En date du même jour, les époux RASTODER-… furent entendus par un agent du service de police judiciaire, section police des étrangers et des jeux, de la gendarmerie grand-

ducale sur l’itinéraire suivi pour venir au Luxembourg et sur leur identité.

Monsieur RASTODER fut entendu en date du 13 juillet 1999 par un agent du ministère de la Justice sur les motifs à la base de sa demande d’asile, tandis que l’audition de correspondante de Madame RASTODER eut lieu le 15 suivant.

Le ministre de la Justice informa les époux RASTODER-…, par lettre du 6 novembre 2000, notifiée en date du 21 novembre 2000, que leur demande avait été rejetée au motif qu’il ne se dégagerait pas de leurs allégations qu’ils risqueraient d’être persécutés pour une des raisons énumérées par l’article 1er A § 2 de la Convention de Genève.

A l’encontre de cette décision ministérielle de rejet, les consorts RASTODER-… ont fait introduire un recours en réformation par requête déposée le 21 décembre 2000.

L’article 12 de la loi modifiée du 3 avril 1996 portant création 1. d’une procédure relative à l’examen d’une demande d’asile, 2. d’un régime de protection temporaire, instaurant un recours au fond en matière de demandes d’asile déclarées non fondées, le tribunal est compétent pour connaître du recours en réformation qui est encore recevable pour avoir été introduit dans les formes et délai de la loi.

A l’appui de leur recours, les demandeurs exposent être originaires d’une région du Monténégro peuplée par une majorité de Serbes, de religion orthodoxe, tandis qu’eux-

mêmes feraient partie de la communauté musulmane. Ils se prévalent en premier lieu de leur crainte à l’égard de la majorité serbe dans leur région et dans leur village d’origine qui éprouverait « une indestructible rancœur à l’égard de toute autre population non orthodoxe et qui de plus est non serbe » et ils renvoient au fait qu’une bombe aurait été placée par une « personne en civil » dans la voiture de Monsieur RASTODER. Ils font valoir en deuxième lieu avoir fait l’objet de persécutions de la part de la police, laquelle serait encore dominée au niveau local par des Serbes, et notamment aux « soubresauts d’humeur d’un commandant de la police locale qui, au moindre des déplacements [de Monsieur RASTODER], lui demandait et de lui présenter ses papiers d’identité et de lui justifier du lieu de sa destination », de même qu’à des refus réitérés de l’administration de lui délivrer des documents officiels sans rétribution.
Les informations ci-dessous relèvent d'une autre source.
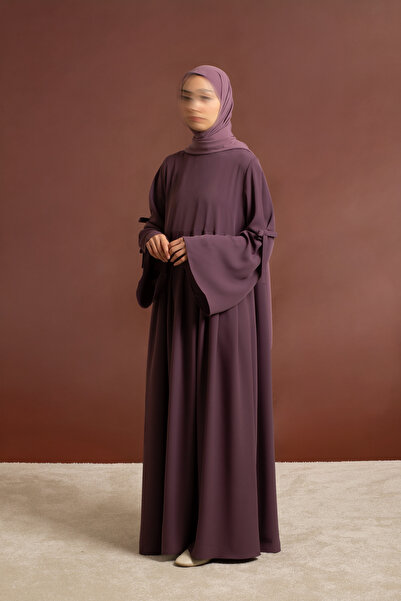 Lemaye Фераце з бантиком - Мурдум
Les demandeurs se fondent encore sur l’appartenance de Monsieur RASTODER au parti politique SDA et sur son rôle actif au niveau local en faveur de ce parti, en faisant valoir que cet engagement aurait eu pour conséquence des perquisitions répétées et arbitraires ainsi que d’autres mesures d’harcèlement de la part de la police serbe. Ils signalent par ailleurs qu’un cousin de Monsieur RASTODER aurait disparu de chez lui au début de l’année 1999 et aurait été retrouvé assassiné quelques jours plus tard.
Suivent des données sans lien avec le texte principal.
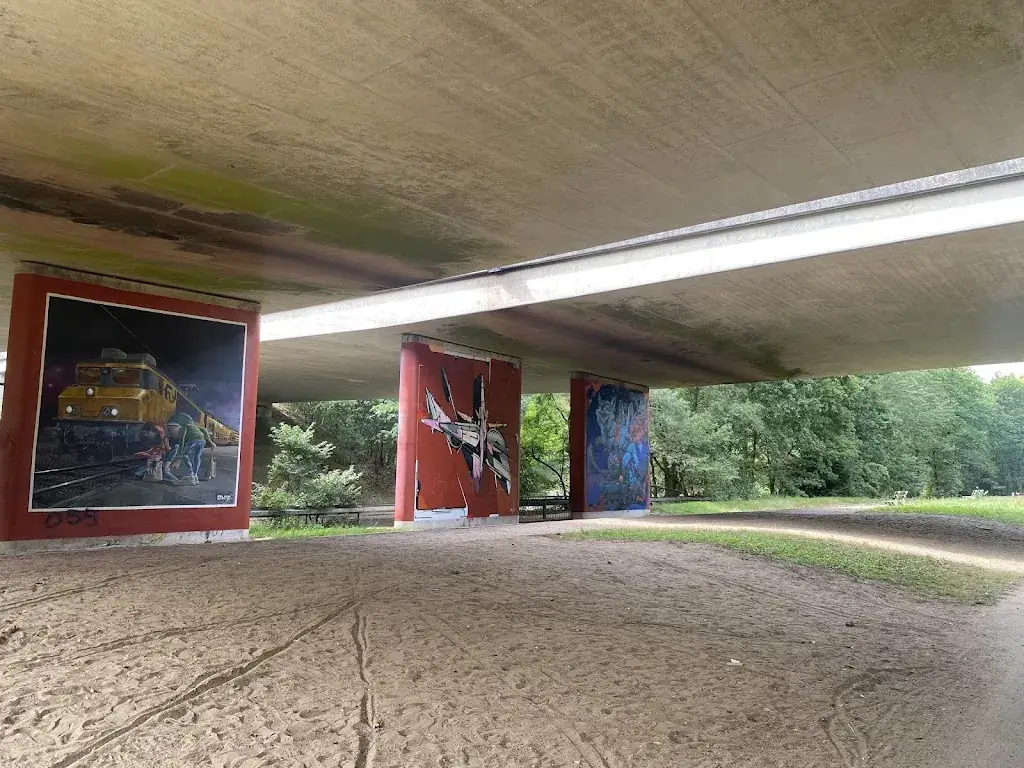 Hallo Bolle Gijs_Beekbergen_slider_image_2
Les demandeurs invoquent en tant qu’autre motif de crainte de persécution la convocation à deux reprises au mois de mars 1999 de Monsieur RASTODER pour intégrer les forces armées serbes, appel auquel il n’aurait pas donné de suites pour ne pas devoir aller se battre et, comme suite à son refus d’intégrer l’armée, à la convocation remise à sa mère de se présenter devant un tribunal pour le 14 juin 1999, pour conclure que Monsieur RASTODER risquerait d’être immédiatement emprisonné en cas de retour au Monténégro. Quant à la 2 situation générale dans leur pays d’origine, les demandeur signalent qu’il serait « inexact de prétendre qu’une situation de calme et de paix se serait désormais instaurée en Yougoslavie », que des actes de violence seraient encore commis quotidiennement et que les tensions risqueraient de croître dans le cadre des discussions sur l’indépendance du Monténégro. Les demandeurs signalent enfin avoir toutes les qualités requises pour s’intégrer au Luxembourg et que, plus particulièrement, Monsieur RASTODER aurait déjà travaillé pour un patron luxembourgeois à la satisfaction de ce dernier et que leurs enfants seraient bien intégrés au système scolaire luxembourgeois.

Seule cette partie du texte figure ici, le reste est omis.